Certainly Esty has had a long and meaningful journey. The day before leaving the Swedish-American farming community of Thomaston, Connecticut, for Lewiston, Maine, she called a high-school mentor. “I’m $25 short. I can’t get there,” she told the teacher. He supplied the necessary funds, a simple yet unforgettable act of kindness and philanthropy destined, perhaps, to launch a thousand ships.
“Where in the genes did I get this feeling,” she wondered, “that I had to get out of Thomaston? I knew it in the fifth grade. I took it for granted.”
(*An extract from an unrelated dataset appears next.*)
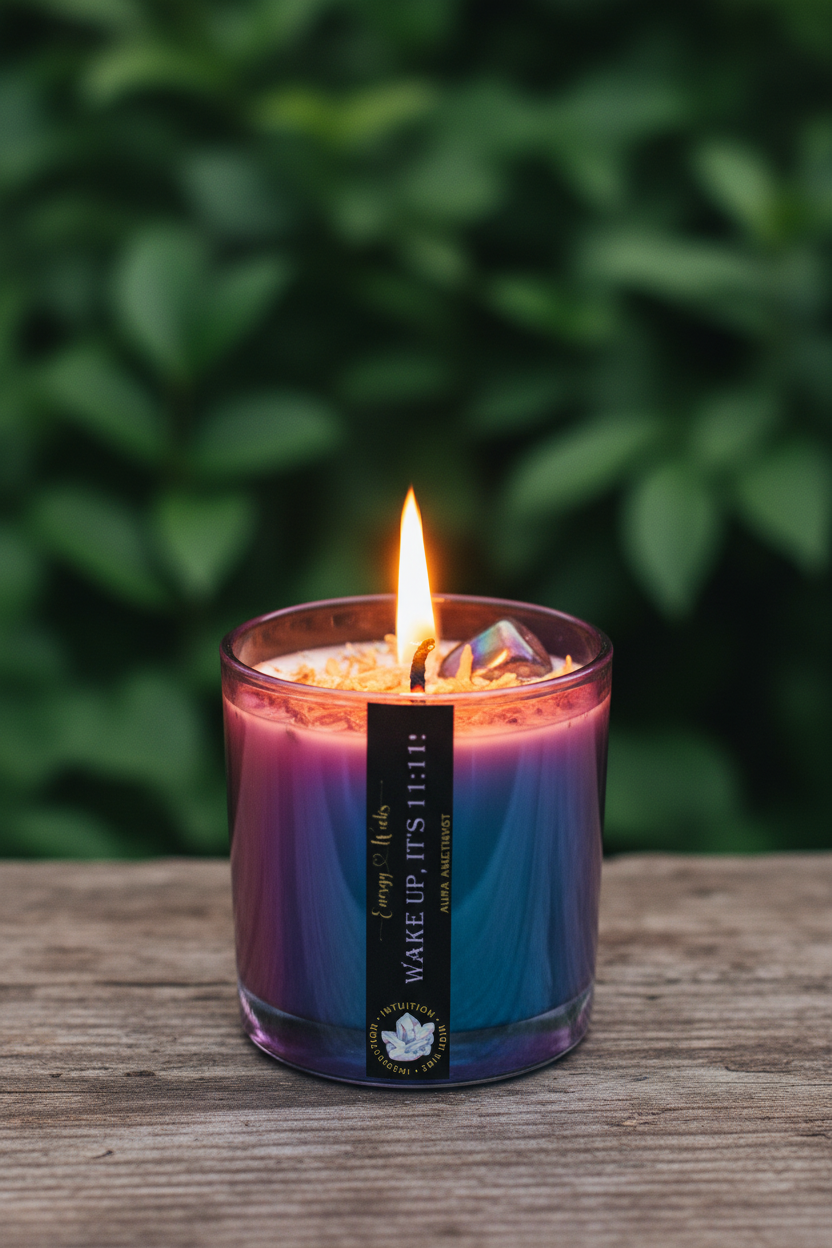 11:11 candle with amethyst crystal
As an adolescent, Esty chafed at some parental restrictions. Her dearest friend, Miriam, was Irish, and her father was manager of a movie house. Overnight visits at this schoolmate’s home often included covert forays to enjoy the latest moving picture. “My parents didn’t allow me to go to the movies, play cards, dance or sing popular music. Mama sang in the choir.” Esty did also. Upon her arrival at Bates, she began to sing with an Auburn choir each Sunday. “I went to college thinking, of course, I’ll be a writer, I found out immediately I wasn’t a writer.”
Memories from many years ago leave deep imprints. She mentions with great feeling the death of her 43-year-old daughter, Julia: “She is still in myself.” And she still recalls, as if it were yesterday, her experience as a Swedish American. “I felt very Swedish,” said Esty, who spoke Swedish before English. Called “squarehead” — a disparaging name for Swedes — as a child, she said she “always felt very inferior at school. It continued right into my first year at Bates, a girl who couldn’t imagine friends. A low estimation of self really lingers.”
Esty’s life continues in its rich vein. On an August night in 1995, she asked student pianists to perform in her Upper East Side apartment. “I had thirty-two people listening to songs I had commissioned, particularly Poulenc. That was a lovely concert. People wept. When I sat here and listened to Poulenc’s cycle, I couldn’t believe that I really and truly sang this at its premiere in Paris and here in New York.”
Her current accompanist, Warren Wilson, attends concerts regularly with her, and the two are planning an Esty recital sometime soon, perhaps on November 8, her ninety-third birthday. “It will be mostly songs I have sung for a long time.”
She enjoys reciting poetry with friends. One such companion, Bates Trustee and parent E. Ward Smith, shares a love of T.S. Eliot with Esty. “She is a great human being,” he said. “After a conversation with Alice Esty, I always have a better outlook on life. After all, when you are visiting with someone who is so energetic and incisive and positive in her outlook, how can you help but not feel buoyed by such an indomitable spirit?”
Alice Swanson Esty recognizes the importance of her life, but she’s modest nonetheless. “What I did was very unusual,” she grants. “I don’t think I’ve done very much, but what I’ve done is good.”